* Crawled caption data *

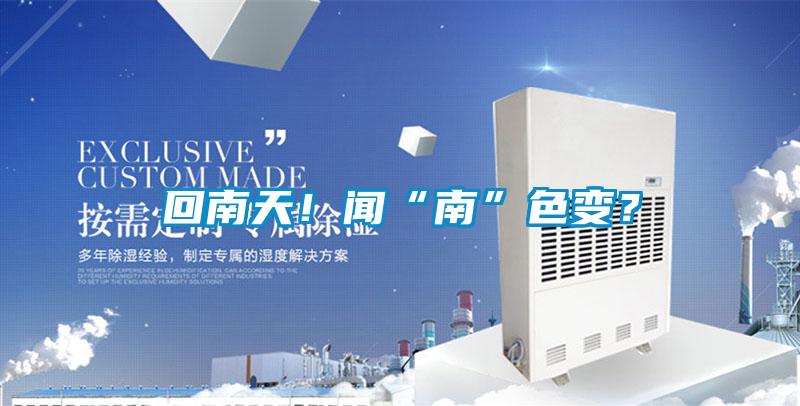 回南天！聞“南”色變？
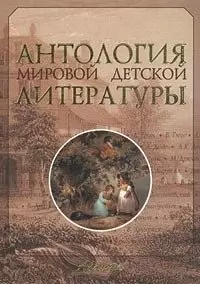 Антология мировой детской литературы. Т.2. — 1289244 — 1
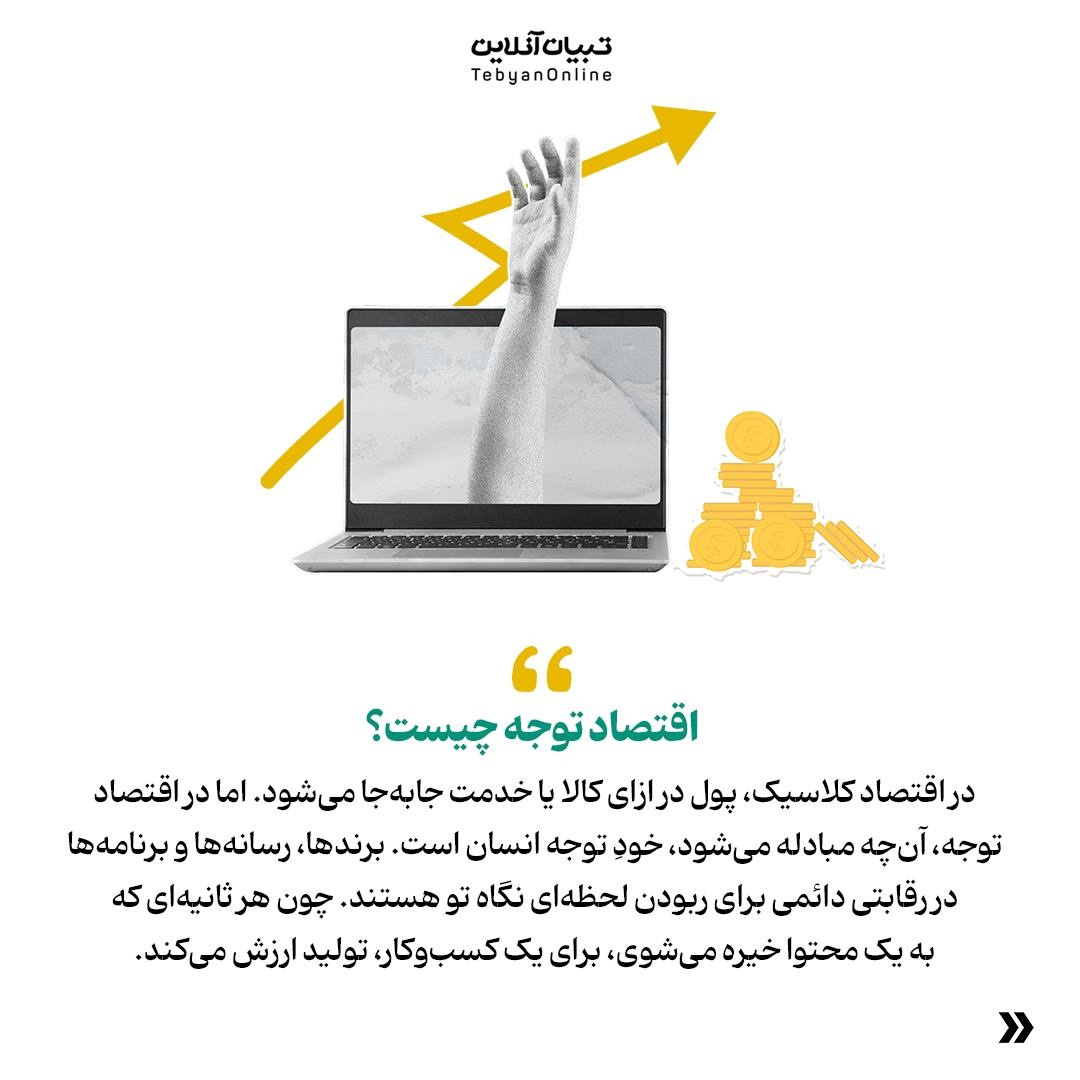 بازاری که در آن "چشمها" پولسازند!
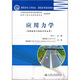 高職高專(zhuān)工學(xué)結合、課程改革規劃教材：應用力學(xué)（道路橋梁工程技術(shù)專(zhuān)業(yè)用）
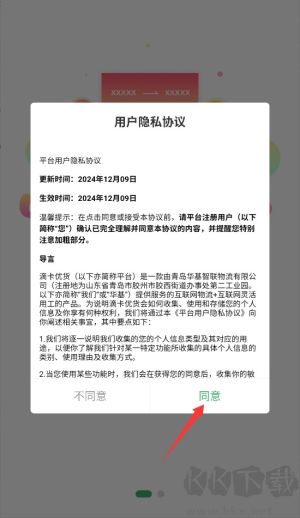 滴卡优货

* PROBLEM TO SOLVE *
Although the records contain pictures, print only the rest, exactly as written.

* YOUR RESPONSE *
 回南天！聞“南”色變？
 Антология мировой детской литературы. Т.2. — 1289244 — 1
 بازاری که در آن "چشمها" پولسازند!
 高職高專(zhuān)工學(xué)結合、課程改革規劃教材：應用力學(xué)（道路橋梁工程技術(shù)專(zhuān)業(yè)用）
 滴卡优货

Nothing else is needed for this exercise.